Paula Lukats: There are CSAs all over the country. It’s an idea that originally came from Europe and Japan. In Japan it’s called Teikei (Literally translated means “partnership” or “cooperation”. The philosophical translation is “food with the farmer’s face on it.”) It was first in the US in 1986 I believe with Indian Line Farm in Massachusetts and then has grown. The city (NYC) is a bit unique. In most CSAs the people go to the farm to pick up their share, but because most city folks can’t get access to the farm the farmer drives the food into a central distribution place in the city and there are 41 of those distribution places in the city.

Why is it important to have regional farms?

The predominant way that food is grown in the country is the industrialized mono-cropping way and it’s not good for the environment, it’s not good for people’s health, it’s not good for the economy. So this is a way of protecting the land, of protecting family farms and their communities and also getting really quality produce into the city and into neighborhoods where they don’t really have access to local, organic produce.

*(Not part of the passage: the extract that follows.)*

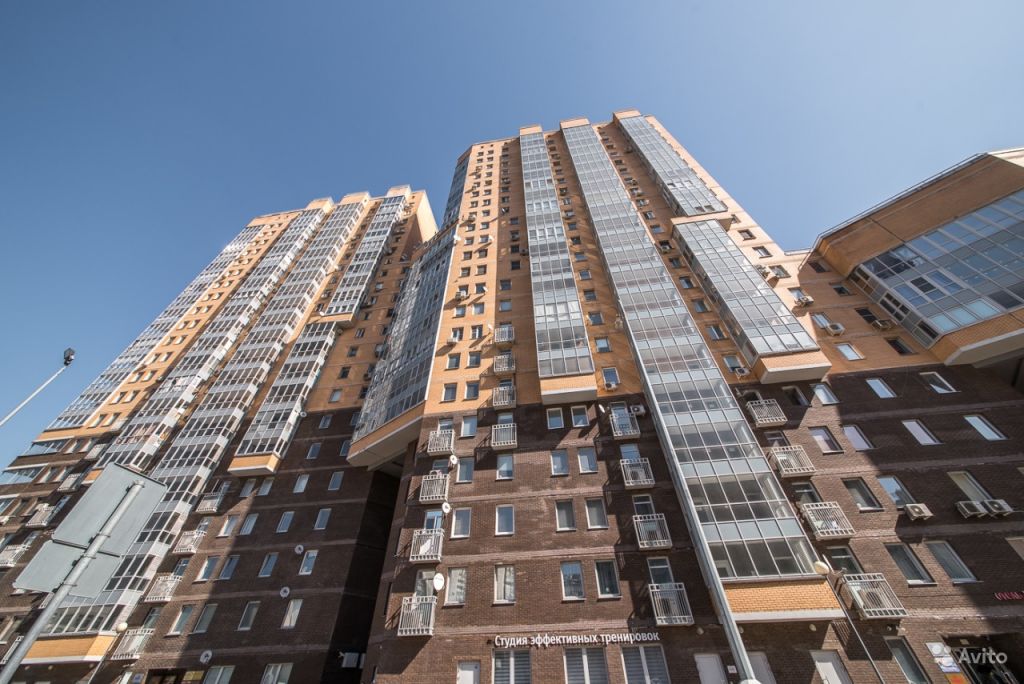 Продам квартиру 4-к квартира 116.4 м² на 8 этаже 22-этажного кирпичного дома в Москве. Фото 1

So it’s not just about health, it’s also about the environment?

It’s both. It really supports small family farmers who want to keep farming their land. It’s difficult to find markets sometimes. So it gives them a market, it gives them the support that their farm needs, but it also allows city folks to get quality produce and make that connection with where their food is coming from. And to know their farmer and to be able to ask questions and to really feel an affinity for where their food is coming from which we’ve lost a lot of.

What about just buying organic?

A lot of the organic is now farmed on large mono-cropping farms, which you know, is an improvement but it’s still, we want to support family farms that are growing a real diversity of produce. Some of the CSAs provide 40 different types of vegetables and they may be growing 20 different varieties of any one vegetable. They grow a lot of heirloom varieties, a lot of ones that aren’t bred to travel well, aren’t bred to look pretty in a market, but they taste good and they’re healthy and they have a lot of nutrients.

What’s so bad about mono-cropping?

Mono-cropping is just really hard on the environment, hard on land. It just really takes a lot of inputs to maintain land growing one crop over time. So it takes a lot of chemical fertilizer because it doesn’t leave anything in the soil that can be used year alter year. So it just puts a huge amount of stress on the land. So growing a diversity of produce, farmers can rotate crops which minimizes pests, it adds nutrients back into the soil, use plants that take different things out of the soil to really help not have to use artificial fertilizers and artificial pest control.

Are CSAs successful for the farmers as well as the consumers?

It’s definitely beneficial for both. The farmers are able to have a steady market that they know what they’re growing. When they come down with their truck full of produce they know they’re going home with an empty truck rather than at a farmers market if they don’t have a good day they might go home with a lot of what they brought down. They can plan ahead because they know how many people they’re growing for and they get their inputs earlier in the season when they need it. For the consumers, they’re really getting a collection with the land and wonderful, healthy produce, as fresh as you can get that the farmers picked the day before, the morning of distribution. It’s as fresh as you can get it and also really have a community aspect as well.